Of the Seven Summits, there are two I am (was) particularly concerned about. Puncak Jaya (the Carstensz Pyramid) because of how technical it’s said to be, got me to start bouldering and practice moving around on more “exciting” rocky terrain. The other is Denali.

Moving on snow in a rope team for crevasse safety isn’t the issue. Climbing up on steep slopes or along knife-edge ridges with fixed lines isn’t the issue. Those are skills that you can “just” learn and they become another useful wrench in your toolbox. Having the physical fitness to load carry up to the 14000 (feet) camp was what worried me.

Sure there are load carries on Aconcagua (unless you hire a porter), but those didn’t feel near as intimidating as having a 20kg backpack and a 20kg sled on the Kahiltna. I’ve done hikes with a backpack that heavy (out of luxury rather than necessity) and they weren’t easy. So I was planning to train really hard for Denali with big weights and make sure my body can handle the load.

This summer I was planning to be in Pakistan for two months. Then covid changed those plans again and before I knew it I was signed up for a Denali climb starting in three weeks. Three weeks isn’t the time span anyone could get to Denali fitness from zero, but I wasn’t starting from zero. I had already been training for half a year for K2, and while that training was more about keeping going up steep with medium weight than the Denali loads, I hoped it’d carry over. Long story short, it did.

Since last fall I’ve been training much more consciously and in a designed, rigorous fashion than I had for Aconcagua. I shelled out and got a training program calculated for me at Training Peaks, but that fixed schedule didn’t adjust well to my plans getting rescheduled again and again and again. Once that period ran out, I started loosely following the schedule proposed in the Training for the New Alpinism book, actually thinking about how strong I feel after each training session and each week, adjusting loads accordingly.

For general and specific strength I use the exercises put forward in the book. I do strength training twice a week all the way from the base period to the end where it tapers off to once a week. Depending on how I feel, I gradually increase the weights and the number of circuits to keep about as much pressure on my system as the book suggests.

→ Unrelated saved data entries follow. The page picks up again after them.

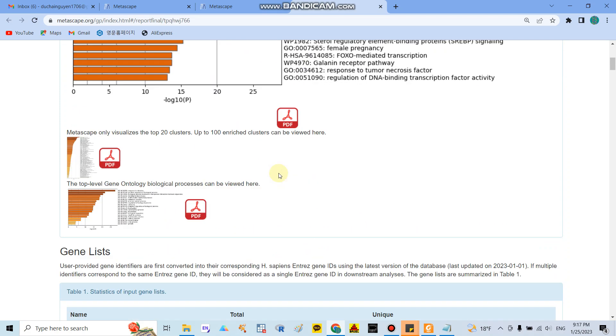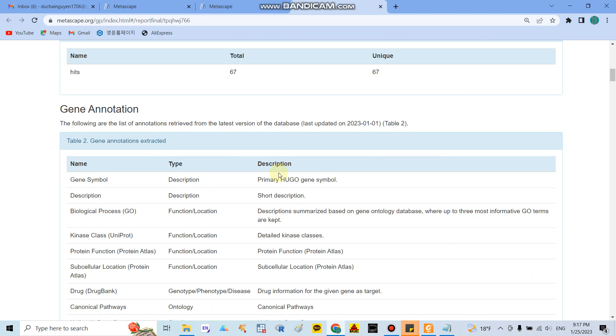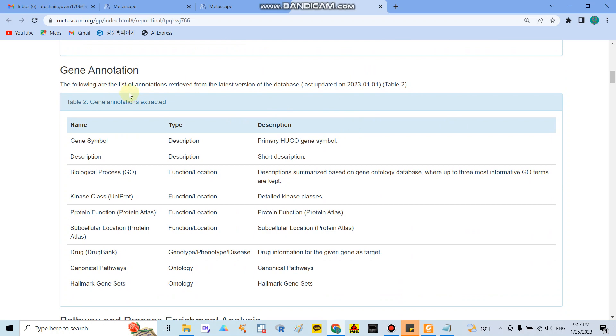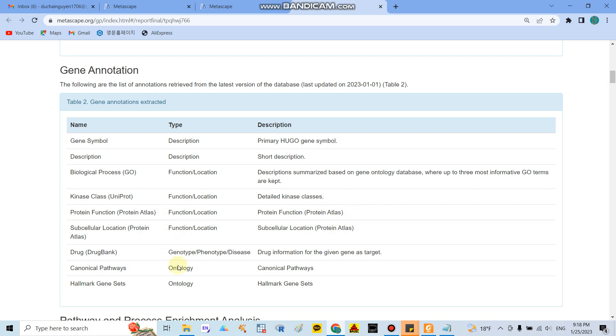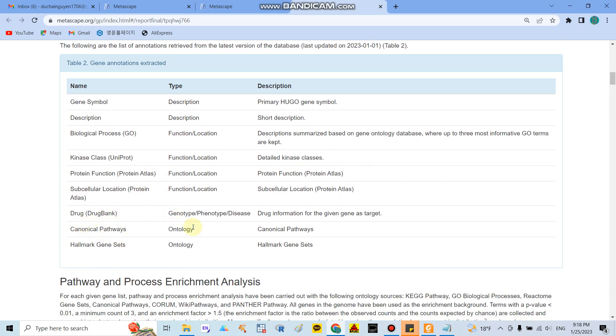So in here they will show you another table. It means that the gene annotation and here they said that in this study, in this analysis they use the gene sample based on the HGO gene sample and the biological process. It means that they describe the summarized gene ontology database where up to three more informative GO terms are kept.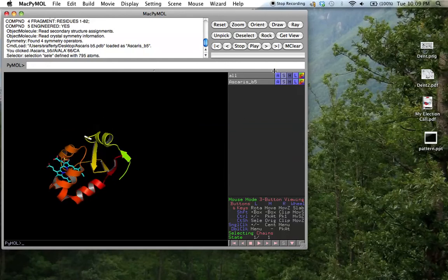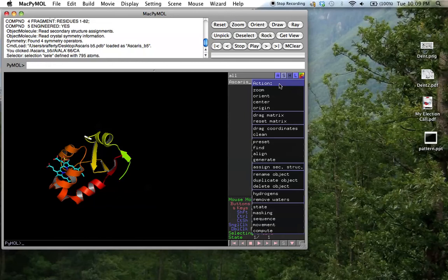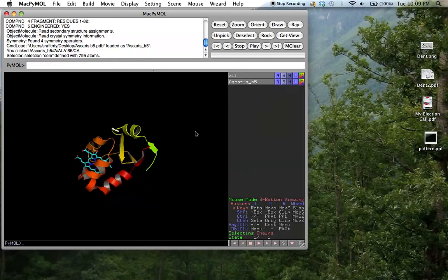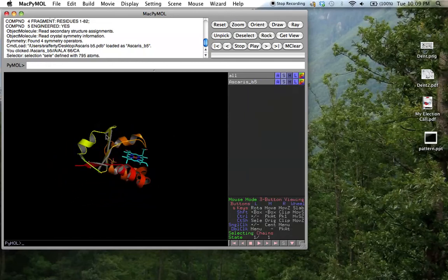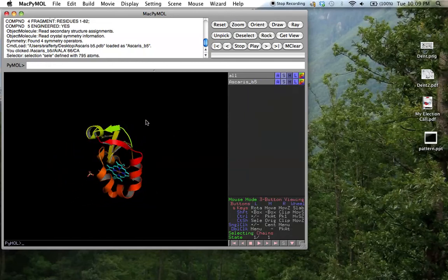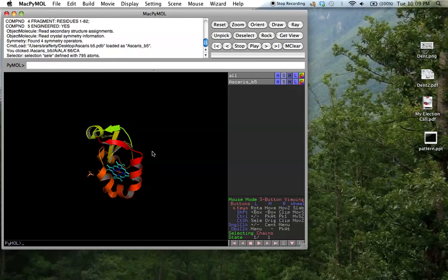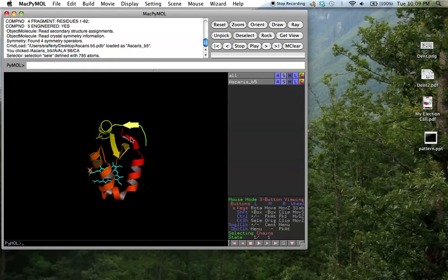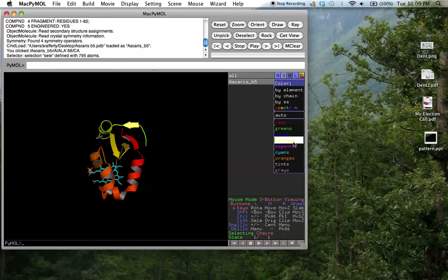Now all we have left is one copy of that protein. So we just go to the action button again, click on center, and that centers it. Now essentially what we're going to be doing is displaying within this window both the Ascaris and the rat cytochrome B5, and we want a way to distinguish them, so we just change the color of this one so we know what it is. And so for the Ascaris, we'll just choose it to be yellow.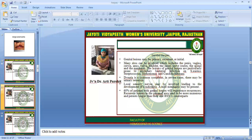Genital herpes lesions can be primary, recurrent, or initial. Many sites can be involved, including the penis, vagina, cervix, anus, vulva, bladder, sacral nerve roots, and the spinal cord and meninges. The lesions of genital herpes are particularly prone to secondary bacterial infection, i.e., Staphylococcus aureus, Streptococcus, Trichomonas, and Candida albicans. Dysuria is a common complaint. Local sensory nerves may be involved, leading to development of radiculitis. A mild meningitis may be present. 60% of patients with genital herpes will experience recurrence.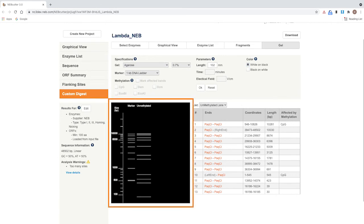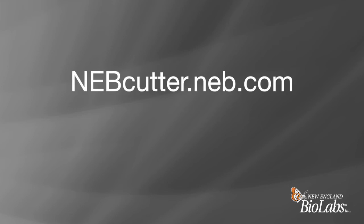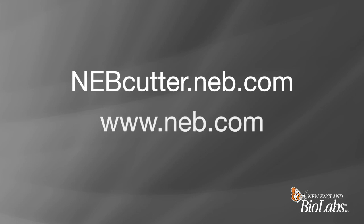You can now see the expected band pattern for a PacI digest of Lambda DNA. You can find NEBcutter at nebcutter.neb.com. For more information on restriction enzymes and how-to videos, visit www.neb.com.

For mountaineering it focuses mostly on core and leg strength, so it was really amusing getting people comment at the bar on how big my arms got.

At the same time, I keep doing laps on the treadmill or the stepping machine (sadly I have no access to a stair machine) with a backpack starting around 30% body weight increasing to 50% later. Working full time in the middle of the city means that it’s really not trivial to go out for training hikes every day, and spending 3 hours on the treadmill is simply just not possible. What I ended up doing is going for 1-hour training more often, starting with 3 sessions a week going up to 5-6 in the end.

I adjust the difficulty of my weekend hikes too, mostly by tweaking the weight of my load and choosing the steepness of the trail. Once in the mountains, clocking in 1000 feet ascent in a few hours isn’t difficult, but accessing the mountains sadly is. (That’s a reason I’m considering moving closer to the foothills.) On the contrary, having to spend 2 hours on the train one way, I’d rather go for longer full-day hikes with adjusted difficulty than do the shorter ones described in the book.

As I said above, it worked out in the end. The move to first camp from the landing strip, where we had to carry everything in one go, and the move up to 14000 camp were the toughest bits where I’d get to camp happy it’s finally over. I was fit enough to help split the load when a teammate couldn’t drag their sled up Windy Corner, but I don’t think I could pull off what the guides did, taking on an whole extra sled… Mad respect to their strength.